Why Python for Data Analytics and Machine Learning?

In this post, I explain the usability of Python (Wiki) in data analytics.

There are many programming languages that have implementations of Machine Learning (ML) algorithms; but, over the years, Python has emerged to be a dominant contender in this regards.

I usually choose to write my programs in C, C++ and Bash to work on (embedded and HPC) system’s performance and energy consumption analysis. But, in 2018, I worked on analytical energy consumption models and measurement tools – and experienced working with high dimensional datasets. An easy to use software development framework and the first resort to me was Matlab. Although having a telecom engineering background and being quite familiar with the Matlab interface, I decided to quit using it because of its closed source code and commercialization limit for the software developed on top of it. I started using R programming interface for analyzing and studying the structures within my data as it is an easy pickup framework to explore datasets.
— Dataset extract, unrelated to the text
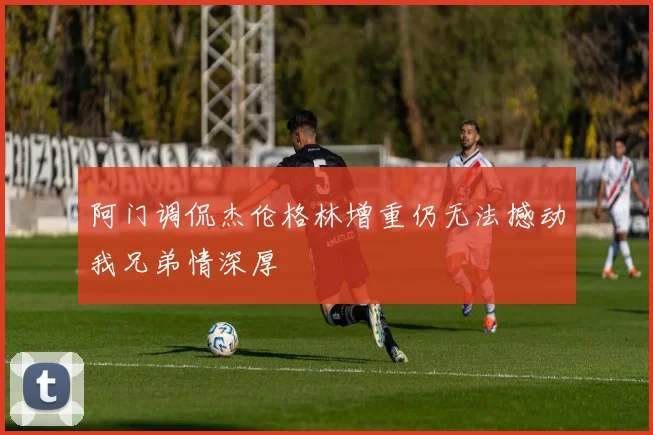 阿门调侃杰伦格林增重仍无法撼动我兄弟情深厚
R is simple, and people with not much programming experience can find it fascinating to play with.

An interesting observation, over the past years, is a deep interest and a quick transition of data scientists to program their data exploration tasks in Python. I started using it and found several reasons to choose python for not only web-based applications development and scripting but also for manipulating data over a repeated set of tasks and unleashing hidden structures of data in modern AI revolution era as well.

I recommend data analysts and ML enthusiasts to learn to program in Python as their first step due to the following main reasons:

  1. Ease of understanding, which reduces the efforts to implement and test the concepts of linear algebra and calculus. ML is mainly about understanding the hidden patterns in your data and ML algorithms are mainly developed on top of the core concepts of these two subjects.
  2. Packages that yield less memory consumption and performance optimized codes such as numpy for array manipulations.
  3. There are a lot of stable and well-optimized packages available in Python to practice and understand your unstructured data. For example:
    • If you want to work with images and extract useful information then you have numpy, opencv, and scikit.
    • To explore text analytics, you have nltk, numpy and scikit. With audio, librosa is a useful package.
    • ML problems can be solved using the pandas package as well.
    • For a better visualization of your data, there are specialized tools like matplotlib and seaborn.
    • For deep learning, an optimized implementation of tensorflow and pytorch is available.
    • For web data extraction and manipulation, scrapy API is available as a quick starter.
    • Last but not least, Django package can help you to integrate web applications with your program.
  4. Unlike Matlab, the ML packages implemented in Python are free to use under GNU license.

In the future posts, I will provide the guide to free learning resources for you to learn AI (a must-have skill of today and tomorrow) using Python.